=== Begin Enclosure ===
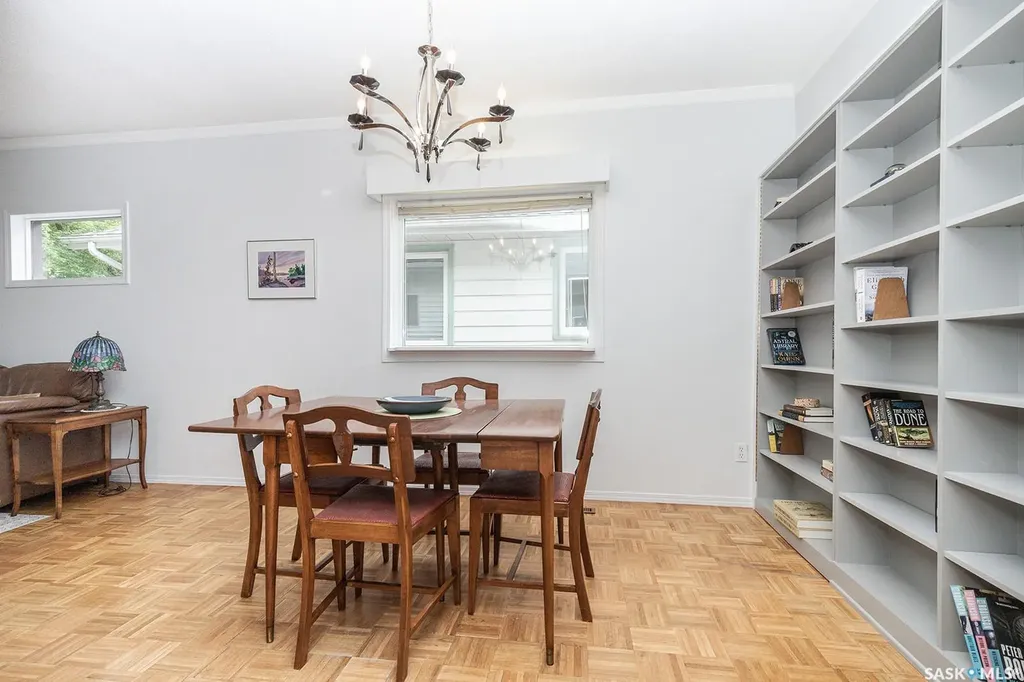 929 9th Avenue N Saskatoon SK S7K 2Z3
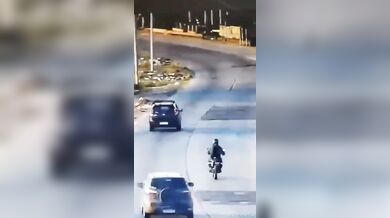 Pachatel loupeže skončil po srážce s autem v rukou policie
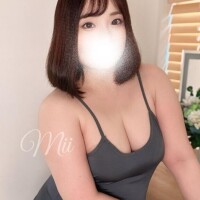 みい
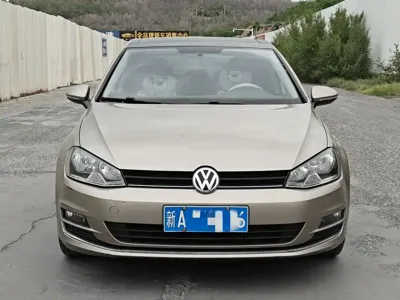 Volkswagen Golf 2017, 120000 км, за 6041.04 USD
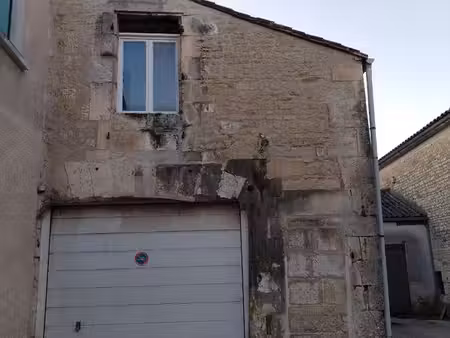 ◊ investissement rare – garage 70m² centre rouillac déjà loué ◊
=== End Enclosure ===
=== Begin Enclosure ===
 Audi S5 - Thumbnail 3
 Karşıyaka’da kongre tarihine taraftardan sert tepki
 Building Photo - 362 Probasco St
=== End Enclosure ===
What is being asked =
All that should be printed is the run of lines above from the one with "929 9th Avenue N Saskatoon SK S7K 2Z3" through the one with "déjà loué ◊", both included, exactly as given, with pictures left out.

Finished task =
 929 9th Avenue N Saskatoon SK S7K 2Z3
 Pachatel loupeže skončil po srážce s autem v rukou policie
 みい
 Volkswagen Golf 2017, 120000 км, за 6041.04 USD
 ◊ investissement rare – garage 70m² centre rouillac déjà loué ◊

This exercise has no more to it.